Zawrzało po słowach Grzegorza Krychowiaka na temat polskich siatkarzy. Internauci się wściekli

Grzegorz Krychowiak zażartował w jednym z wywiadów z wygranej polskich siatkarzy. Nie wszystkim przypadło do gustu jego poczucie humoru.

Polscy siatkarze powalczą o złoty medal na igrzyskach olimpijskich z Francją. To, że doszli tak daleko, już jest ogromnym sukcesem. To pierwszy raz od 1976 roku, kiedy mają taką szansę. Ich zmagania śledzą także zawodnicy innych dyscyplin, w tym Grzegorz Krychowiak, który zakończył już karierę w reprezentacji w piłce nożnej. W rozmowie z Polsatem zażartował z wygranej siatkarzy, przypisując sobie zasługi. Nie wszystkim się to spodobało.

Zobacz wideo Krychowiak vs tradycyjna polska kuchnia: "Nie smakuje tak jak w domu"

Burza po żarcie Grzegorza Krychowiaka na temat siatkarzy

Grzegorz Krychowiak stwierdził, że przyniósł szczęście siatkarzom, bo był obecny na meczu. Z tego względu planuje też być na finale. Jego słowa trzeba oczywiście traktować z przymrużeniem oka.

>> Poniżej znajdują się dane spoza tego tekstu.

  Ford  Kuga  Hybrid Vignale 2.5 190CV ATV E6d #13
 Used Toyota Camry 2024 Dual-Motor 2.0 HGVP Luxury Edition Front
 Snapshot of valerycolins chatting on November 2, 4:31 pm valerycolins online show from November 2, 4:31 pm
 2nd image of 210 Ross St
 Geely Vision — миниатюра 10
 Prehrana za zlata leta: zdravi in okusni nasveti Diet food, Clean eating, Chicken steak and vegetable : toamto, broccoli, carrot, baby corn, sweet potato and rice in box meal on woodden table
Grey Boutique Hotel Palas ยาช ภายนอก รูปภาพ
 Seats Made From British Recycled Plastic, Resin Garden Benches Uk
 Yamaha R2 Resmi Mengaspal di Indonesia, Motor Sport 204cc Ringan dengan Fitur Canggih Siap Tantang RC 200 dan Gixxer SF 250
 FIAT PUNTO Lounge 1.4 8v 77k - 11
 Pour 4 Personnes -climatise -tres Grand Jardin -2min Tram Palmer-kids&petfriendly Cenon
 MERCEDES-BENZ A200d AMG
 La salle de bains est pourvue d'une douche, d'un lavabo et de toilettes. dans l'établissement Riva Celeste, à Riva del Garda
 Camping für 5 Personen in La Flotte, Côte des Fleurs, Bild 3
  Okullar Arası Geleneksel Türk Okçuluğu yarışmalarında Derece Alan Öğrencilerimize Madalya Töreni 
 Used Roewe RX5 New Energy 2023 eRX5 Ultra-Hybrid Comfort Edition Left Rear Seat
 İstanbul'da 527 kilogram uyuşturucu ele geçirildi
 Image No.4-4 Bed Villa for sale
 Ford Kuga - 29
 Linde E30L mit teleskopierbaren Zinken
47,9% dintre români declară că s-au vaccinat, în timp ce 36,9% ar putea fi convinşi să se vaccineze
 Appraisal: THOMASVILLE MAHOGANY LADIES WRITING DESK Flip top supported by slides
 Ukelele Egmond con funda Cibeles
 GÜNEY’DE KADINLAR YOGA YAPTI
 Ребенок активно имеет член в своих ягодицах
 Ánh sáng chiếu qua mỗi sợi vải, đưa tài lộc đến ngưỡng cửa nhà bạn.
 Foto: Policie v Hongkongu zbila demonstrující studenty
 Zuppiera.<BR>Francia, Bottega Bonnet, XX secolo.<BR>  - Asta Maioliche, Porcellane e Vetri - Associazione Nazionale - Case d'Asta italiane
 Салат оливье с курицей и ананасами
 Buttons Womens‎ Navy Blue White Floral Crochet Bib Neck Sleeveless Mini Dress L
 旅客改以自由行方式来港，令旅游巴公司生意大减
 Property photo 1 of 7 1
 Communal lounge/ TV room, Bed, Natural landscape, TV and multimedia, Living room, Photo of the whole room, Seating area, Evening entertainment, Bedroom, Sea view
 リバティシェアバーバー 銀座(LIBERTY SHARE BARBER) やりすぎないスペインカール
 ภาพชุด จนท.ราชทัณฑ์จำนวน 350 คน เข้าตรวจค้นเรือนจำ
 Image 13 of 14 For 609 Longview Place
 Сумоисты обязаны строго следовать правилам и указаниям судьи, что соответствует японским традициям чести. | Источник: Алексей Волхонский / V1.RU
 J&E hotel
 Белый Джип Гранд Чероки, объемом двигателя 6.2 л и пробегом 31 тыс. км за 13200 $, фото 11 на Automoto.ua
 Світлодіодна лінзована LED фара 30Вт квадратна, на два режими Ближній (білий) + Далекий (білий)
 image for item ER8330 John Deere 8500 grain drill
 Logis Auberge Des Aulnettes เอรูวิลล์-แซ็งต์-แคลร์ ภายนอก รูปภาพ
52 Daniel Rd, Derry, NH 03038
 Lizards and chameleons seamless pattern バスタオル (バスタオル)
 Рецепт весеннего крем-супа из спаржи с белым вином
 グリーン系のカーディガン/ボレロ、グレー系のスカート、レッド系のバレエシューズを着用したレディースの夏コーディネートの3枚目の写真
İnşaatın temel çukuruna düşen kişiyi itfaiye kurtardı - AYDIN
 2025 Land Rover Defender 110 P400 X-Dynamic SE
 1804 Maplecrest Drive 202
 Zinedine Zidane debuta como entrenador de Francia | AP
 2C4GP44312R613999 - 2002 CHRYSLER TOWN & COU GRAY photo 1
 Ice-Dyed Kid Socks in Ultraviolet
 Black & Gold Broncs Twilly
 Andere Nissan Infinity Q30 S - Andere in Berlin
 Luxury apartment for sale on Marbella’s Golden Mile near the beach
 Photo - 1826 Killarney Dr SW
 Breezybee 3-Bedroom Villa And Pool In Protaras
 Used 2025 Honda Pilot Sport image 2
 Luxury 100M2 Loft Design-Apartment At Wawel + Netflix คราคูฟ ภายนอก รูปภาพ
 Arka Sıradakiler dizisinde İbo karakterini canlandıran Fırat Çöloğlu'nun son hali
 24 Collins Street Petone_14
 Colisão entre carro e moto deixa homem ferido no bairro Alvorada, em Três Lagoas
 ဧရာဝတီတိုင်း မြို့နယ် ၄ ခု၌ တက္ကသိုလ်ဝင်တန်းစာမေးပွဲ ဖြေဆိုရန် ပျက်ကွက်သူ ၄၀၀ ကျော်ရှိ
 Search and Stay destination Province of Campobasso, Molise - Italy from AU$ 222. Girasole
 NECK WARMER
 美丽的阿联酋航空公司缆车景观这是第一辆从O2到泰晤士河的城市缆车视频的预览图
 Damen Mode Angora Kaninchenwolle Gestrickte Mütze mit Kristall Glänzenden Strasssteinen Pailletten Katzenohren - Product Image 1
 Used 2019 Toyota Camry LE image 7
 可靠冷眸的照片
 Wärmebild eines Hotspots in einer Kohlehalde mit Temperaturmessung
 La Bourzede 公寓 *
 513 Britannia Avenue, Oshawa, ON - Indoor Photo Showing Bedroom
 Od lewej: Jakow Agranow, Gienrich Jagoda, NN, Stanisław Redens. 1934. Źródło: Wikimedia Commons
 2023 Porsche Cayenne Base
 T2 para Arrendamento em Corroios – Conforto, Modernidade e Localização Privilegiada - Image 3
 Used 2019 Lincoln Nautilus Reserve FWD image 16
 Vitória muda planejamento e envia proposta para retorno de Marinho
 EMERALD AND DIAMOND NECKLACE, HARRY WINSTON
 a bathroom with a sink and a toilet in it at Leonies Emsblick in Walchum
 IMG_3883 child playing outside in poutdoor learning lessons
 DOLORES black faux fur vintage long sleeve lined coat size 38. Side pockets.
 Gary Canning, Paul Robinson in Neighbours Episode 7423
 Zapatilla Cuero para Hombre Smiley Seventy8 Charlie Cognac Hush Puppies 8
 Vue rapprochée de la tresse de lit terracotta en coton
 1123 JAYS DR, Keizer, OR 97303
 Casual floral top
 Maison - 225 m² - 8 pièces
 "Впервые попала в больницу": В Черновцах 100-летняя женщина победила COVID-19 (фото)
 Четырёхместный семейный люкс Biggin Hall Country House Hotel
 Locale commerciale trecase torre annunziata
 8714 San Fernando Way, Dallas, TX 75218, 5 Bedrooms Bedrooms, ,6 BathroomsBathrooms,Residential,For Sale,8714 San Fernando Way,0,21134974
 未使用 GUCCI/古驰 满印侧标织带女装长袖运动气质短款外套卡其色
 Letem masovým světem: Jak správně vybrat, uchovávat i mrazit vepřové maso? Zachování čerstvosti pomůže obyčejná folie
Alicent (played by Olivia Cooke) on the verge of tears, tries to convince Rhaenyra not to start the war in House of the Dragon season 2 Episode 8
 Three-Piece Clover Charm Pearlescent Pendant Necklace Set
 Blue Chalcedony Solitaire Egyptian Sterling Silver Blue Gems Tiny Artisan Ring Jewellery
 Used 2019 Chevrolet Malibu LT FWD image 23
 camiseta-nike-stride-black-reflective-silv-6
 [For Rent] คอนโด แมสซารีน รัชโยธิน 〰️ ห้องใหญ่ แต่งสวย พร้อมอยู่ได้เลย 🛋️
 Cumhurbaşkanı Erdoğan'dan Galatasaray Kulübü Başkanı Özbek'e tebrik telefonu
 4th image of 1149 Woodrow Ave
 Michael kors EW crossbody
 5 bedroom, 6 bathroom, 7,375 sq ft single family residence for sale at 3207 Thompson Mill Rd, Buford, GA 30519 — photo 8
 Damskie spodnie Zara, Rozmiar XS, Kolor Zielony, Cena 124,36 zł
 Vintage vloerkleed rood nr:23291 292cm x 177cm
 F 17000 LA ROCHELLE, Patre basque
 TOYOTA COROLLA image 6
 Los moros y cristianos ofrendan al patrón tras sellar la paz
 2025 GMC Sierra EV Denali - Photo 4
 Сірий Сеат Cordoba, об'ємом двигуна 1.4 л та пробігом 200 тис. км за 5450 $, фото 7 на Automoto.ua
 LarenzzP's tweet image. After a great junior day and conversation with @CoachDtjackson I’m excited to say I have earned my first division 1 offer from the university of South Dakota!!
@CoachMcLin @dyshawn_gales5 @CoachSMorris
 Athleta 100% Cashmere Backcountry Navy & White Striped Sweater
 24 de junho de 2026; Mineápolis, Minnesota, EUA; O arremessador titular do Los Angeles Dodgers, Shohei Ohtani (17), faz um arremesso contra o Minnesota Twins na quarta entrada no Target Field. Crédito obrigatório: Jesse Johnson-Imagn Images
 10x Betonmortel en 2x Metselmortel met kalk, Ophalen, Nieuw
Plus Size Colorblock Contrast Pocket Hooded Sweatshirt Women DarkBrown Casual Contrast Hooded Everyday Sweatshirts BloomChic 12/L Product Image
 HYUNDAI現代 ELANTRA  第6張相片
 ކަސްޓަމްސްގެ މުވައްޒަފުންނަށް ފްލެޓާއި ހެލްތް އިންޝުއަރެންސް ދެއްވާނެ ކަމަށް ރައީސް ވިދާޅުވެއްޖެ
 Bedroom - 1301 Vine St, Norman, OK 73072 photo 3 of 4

Cieszę się bardzo, że udało się siatkarzom zakwalifikować do finału. Wierzę w umiejętności polskich siatkarzy, że zdobędą złoto. Zamierzam się wybrać oczywiście na finał, dopingować siatkarzy. Nie chcę im niczego odejmować, ale byłem — wygraliśmy, więc teraz no... nie chcę podejmować ryzyka i powiedzieć, że mnie nie będzie i po prostu przegramy przeze mnie, więc postaram się być na finale

- stwierdził, po czym dodał: - Mam nadzieję, że zdobędą złoto i tego im życzę, żeby pamiętali ten moment do końca życia. W komentarzach internauci się zagotowali. "Po co on w ogóle się udziela, jak nigdy w swojej karierze nic podobnego nie wygrał?", "Odnoszę wrażenie, że wypowiedź o talizmanie miała być żartem. Niestety po tak wieloletnim braku sukcesów polskiej reprezentacji piłki nożnej jest on wyjątkowo nie na miejscu", "Siatkarzom się nie udało! Oni na to zapracowali!" - grzmią internauci.

 

Grzegorz Krychowiak zarabiał w reprezentacji krocie. Mógł liczyć na kosmiczne premie

Grzegorz Krychowiak grał w reprezentacji Polski przez ponad 15 lat. Zadebiutował w kadrze w 2005 roku i przez całą swoją karierę rozegrał 100 meczów z orzełkiem na piersi. We wrześniu 2023 roku sportowiec poinformował, że nie będzie już występował w kadrze narodowej. Lata reprezentacyjnej kariery pomogły mu się jednak znacznie wzbogacić. Zawodnik Abha Club był bowiem jednym z najlepiej opłacanych piłkarzy. Jak podaje sport.pl, za sam mundial w Katarze miał zainkasować 510 tysięcy złotych. Fortunę zgarnął też dzięki Euro 2016. Portal b2-biznes.pl wyliczył, że występy na mistrzostwach Europy przyniosły mu 503 tysiące złotych. Z kolei przy okazji Euro 2020, według money.pl, pomocnik miał się wzbogacić o 750 tysięcy złotych.